*WORK TO COMPLETE:* Having found the line that contains "this 1288×944 image.", please retype only it and every line after it up to the end of the entries, exactly as written.

*EXTRACTED DATA:*
Segment Open

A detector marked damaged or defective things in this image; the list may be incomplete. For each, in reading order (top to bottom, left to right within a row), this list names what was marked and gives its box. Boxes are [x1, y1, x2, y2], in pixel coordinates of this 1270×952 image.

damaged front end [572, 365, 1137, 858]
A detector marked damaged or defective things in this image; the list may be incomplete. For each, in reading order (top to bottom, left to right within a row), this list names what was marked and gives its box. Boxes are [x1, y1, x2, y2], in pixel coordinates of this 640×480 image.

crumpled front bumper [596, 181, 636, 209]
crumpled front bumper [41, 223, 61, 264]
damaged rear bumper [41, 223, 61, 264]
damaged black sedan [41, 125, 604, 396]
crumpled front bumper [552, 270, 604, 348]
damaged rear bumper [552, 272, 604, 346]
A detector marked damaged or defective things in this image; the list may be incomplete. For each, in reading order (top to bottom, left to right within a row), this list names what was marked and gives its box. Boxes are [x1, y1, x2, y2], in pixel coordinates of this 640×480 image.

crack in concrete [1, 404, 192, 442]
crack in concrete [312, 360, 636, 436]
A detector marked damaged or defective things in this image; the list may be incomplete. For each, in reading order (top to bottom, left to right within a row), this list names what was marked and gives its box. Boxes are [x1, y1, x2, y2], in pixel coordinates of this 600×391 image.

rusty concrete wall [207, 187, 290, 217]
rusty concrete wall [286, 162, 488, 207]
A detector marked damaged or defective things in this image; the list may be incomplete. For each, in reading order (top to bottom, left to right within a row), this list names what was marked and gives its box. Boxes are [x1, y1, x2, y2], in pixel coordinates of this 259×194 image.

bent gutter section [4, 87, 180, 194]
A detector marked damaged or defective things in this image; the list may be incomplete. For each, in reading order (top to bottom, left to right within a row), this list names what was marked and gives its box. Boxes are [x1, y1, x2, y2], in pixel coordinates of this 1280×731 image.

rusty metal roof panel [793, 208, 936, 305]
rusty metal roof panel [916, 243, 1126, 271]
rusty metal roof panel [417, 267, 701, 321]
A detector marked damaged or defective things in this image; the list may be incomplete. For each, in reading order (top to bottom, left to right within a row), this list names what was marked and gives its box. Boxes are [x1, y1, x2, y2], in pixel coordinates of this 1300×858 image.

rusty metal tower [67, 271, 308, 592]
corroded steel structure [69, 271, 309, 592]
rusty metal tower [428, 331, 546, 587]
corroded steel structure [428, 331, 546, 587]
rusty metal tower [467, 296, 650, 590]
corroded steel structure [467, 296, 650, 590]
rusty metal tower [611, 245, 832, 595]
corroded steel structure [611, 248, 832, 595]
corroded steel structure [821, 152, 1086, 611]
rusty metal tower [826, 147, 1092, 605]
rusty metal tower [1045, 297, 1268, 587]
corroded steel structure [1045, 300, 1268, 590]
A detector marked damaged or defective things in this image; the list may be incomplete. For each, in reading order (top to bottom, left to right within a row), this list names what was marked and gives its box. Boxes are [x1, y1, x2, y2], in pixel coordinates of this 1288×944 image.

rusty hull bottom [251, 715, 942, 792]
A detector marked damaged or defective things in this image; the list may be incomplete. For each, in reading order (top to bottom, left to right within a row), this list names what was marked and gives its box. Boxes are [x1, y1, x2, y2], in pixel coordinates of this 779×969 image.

Segment Closed

*PROBLEM SOLUTION:*
A detector marked damaged or defective things in this image; the list may be incomplete. For each, in reading order (top to bottom, left to right within a row), this list names what was marked and gives its box. Boxes are [x1, y1, x2, y2], in pixel coordinates of this 1288×944 image.

rusty hull bottom [251, 715, 942, 792]
A detector marked damaged or defective things in this image; the list may be incomplete. For each, in reading order (top to bottom, left to right within a row), this list names what was marked and gives its box. Boxes are [x1, y1, x2, y2], in pixel coordinates of this 779×969 image.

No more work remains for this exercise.